■ WHAT YOU HAVE TO DO ■
Copy exactly, and only, the lines from the line containing "Elegant vector illustration" through the last line of the records below, both included, and leave out any pictures.

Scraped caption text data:
┄┄┄┄┄┄┄┄┄┄┄┄┄┄┄┄┄┄┄┄
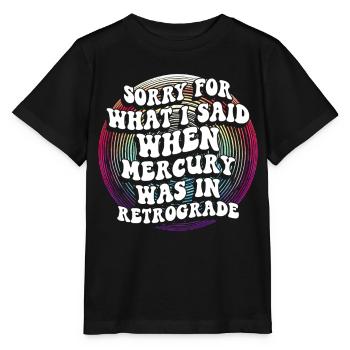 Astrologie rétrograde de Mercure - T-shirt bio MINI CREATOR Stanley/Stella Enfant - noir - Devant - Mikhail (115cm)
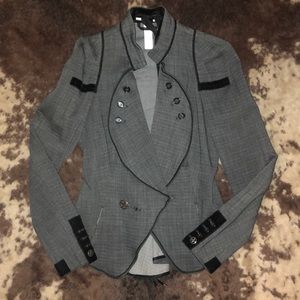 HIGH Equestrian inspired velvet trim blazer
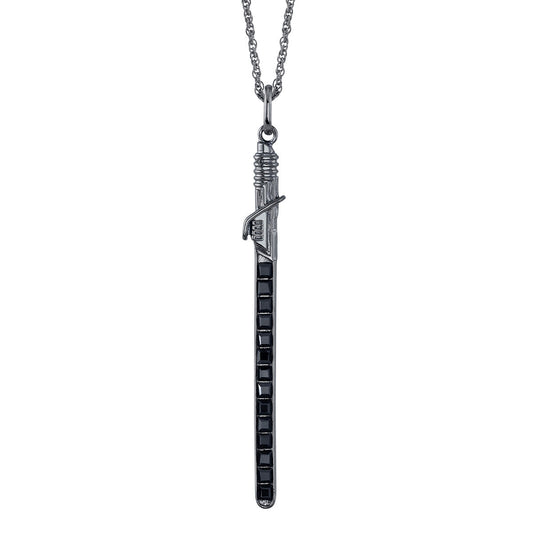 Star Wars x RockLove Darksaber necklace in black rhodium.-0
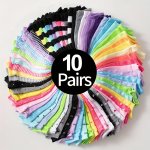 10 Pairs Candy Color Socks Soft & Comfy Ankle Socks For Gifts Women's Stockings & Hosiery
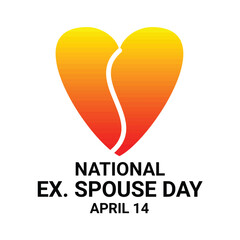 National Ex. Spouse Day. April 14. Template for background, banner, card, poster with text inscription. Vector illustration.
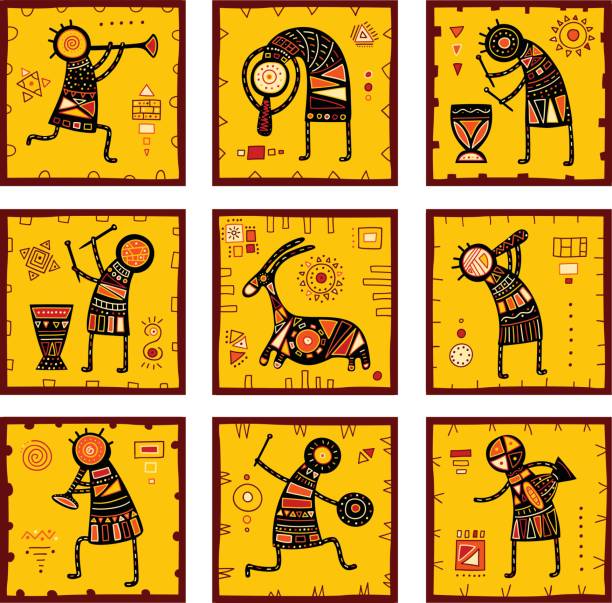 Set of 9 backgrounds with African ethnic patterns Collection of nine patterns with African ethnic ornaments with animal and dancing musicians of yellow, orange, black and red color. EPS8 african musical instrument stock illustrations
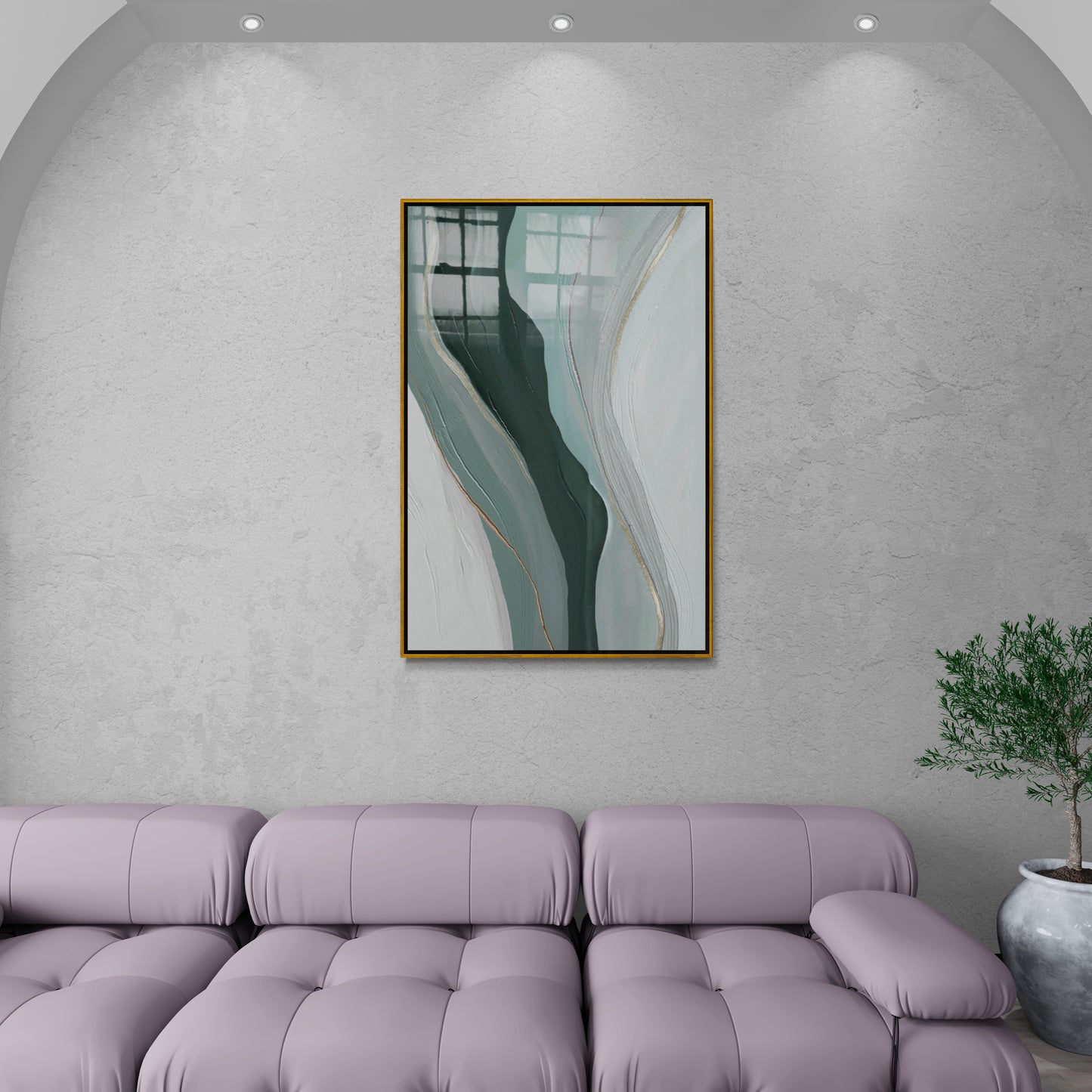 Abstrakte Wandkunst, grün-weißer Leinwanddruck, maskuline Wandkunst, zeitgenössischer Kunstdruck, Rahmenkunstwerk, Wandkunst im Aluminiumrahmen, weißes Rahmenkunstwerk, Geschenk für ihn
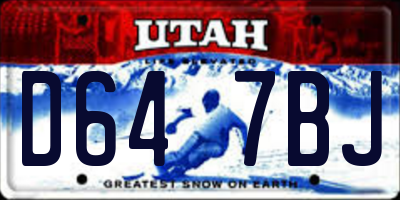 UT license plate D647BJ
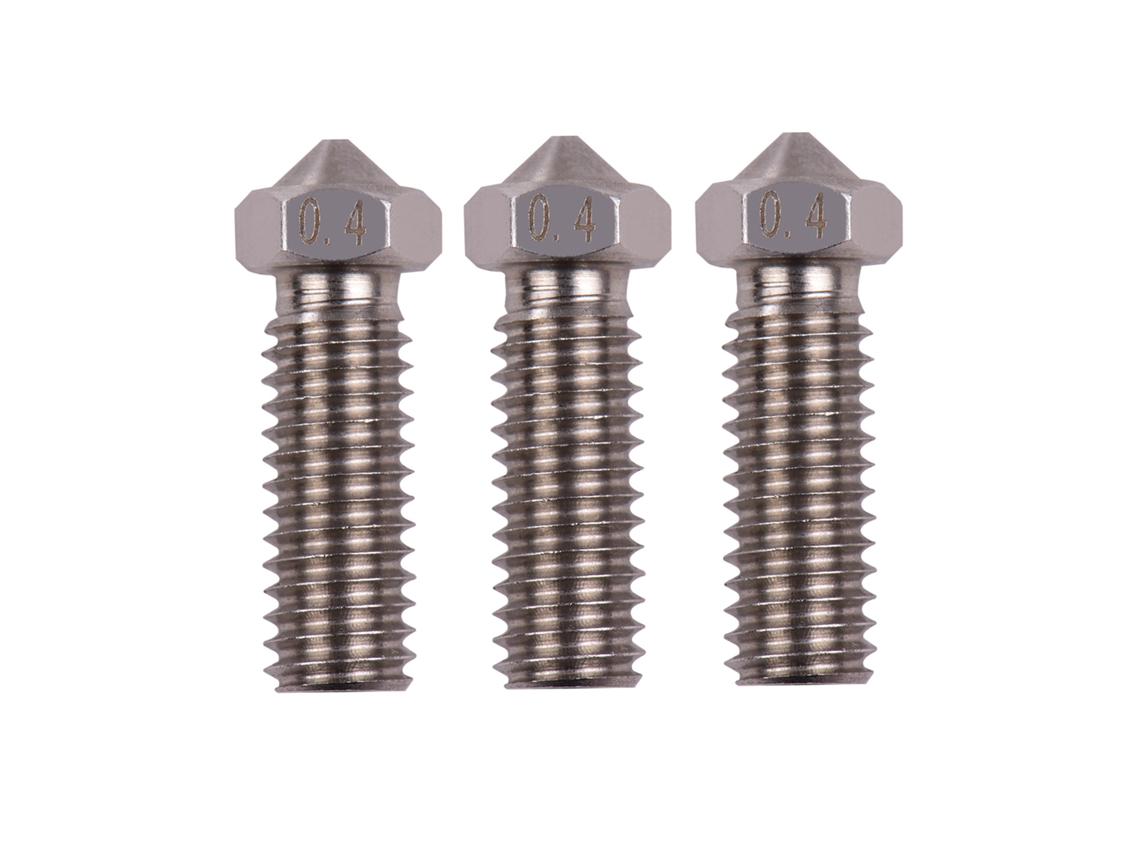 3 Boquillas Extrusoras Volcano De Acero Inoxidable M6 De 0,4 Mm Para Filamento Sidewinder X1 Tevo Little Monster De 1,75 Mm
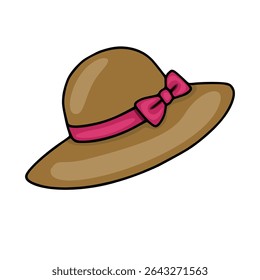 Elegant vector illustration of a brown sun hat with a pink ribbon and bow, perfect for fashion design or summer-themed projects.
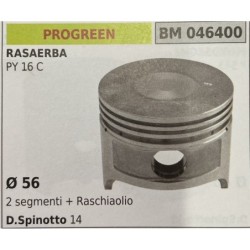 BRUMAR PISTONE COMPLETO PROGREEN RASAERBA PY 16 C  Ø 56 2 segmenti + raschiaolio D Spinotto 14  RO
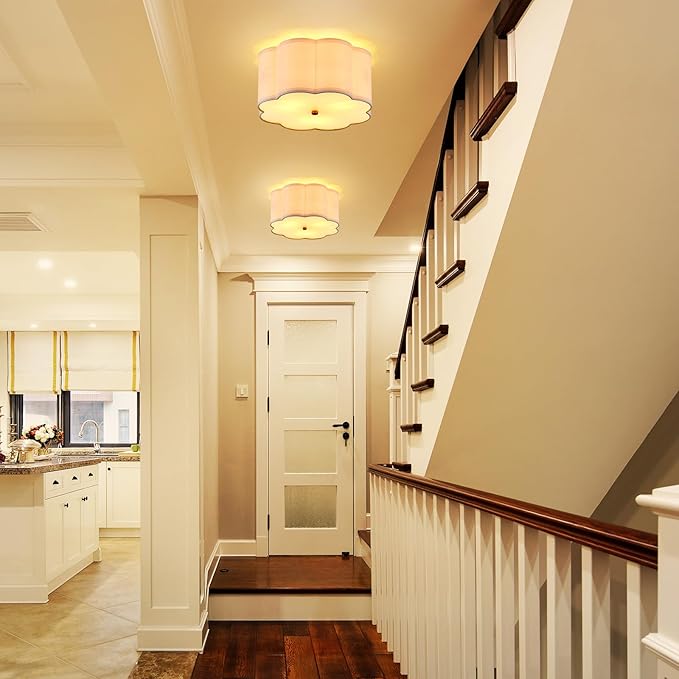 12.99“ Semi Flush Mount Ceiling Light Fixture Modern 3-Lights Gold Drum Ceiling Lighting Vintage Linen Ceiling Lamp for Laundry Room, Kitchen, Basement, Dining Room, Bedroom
┄┄┄┄┄┄┄┄┄┄┄┄┄┄┄┄┄┄┄┄
■ ANSWER BELOW ■
 Elegant vector illustration of a brown sun hat with a pink ribbon and bow, perfect for fashion design or summer-themed projects.
 BRUMAR PISTONE COMPLETO PROGREEN RASAERBA PY 16 C  Ø 56 2 segmenti + raschiaolio D Spinotto 14  RO
 12.99“ Semi Flush Mount Ceiling Light Fixture Modern 3-Lights Gold Drum Ceiling Lighting Vintage Linen Ceiling Lamp for Laundry Room, Kitchen, Basement, Dining Room, Bedroom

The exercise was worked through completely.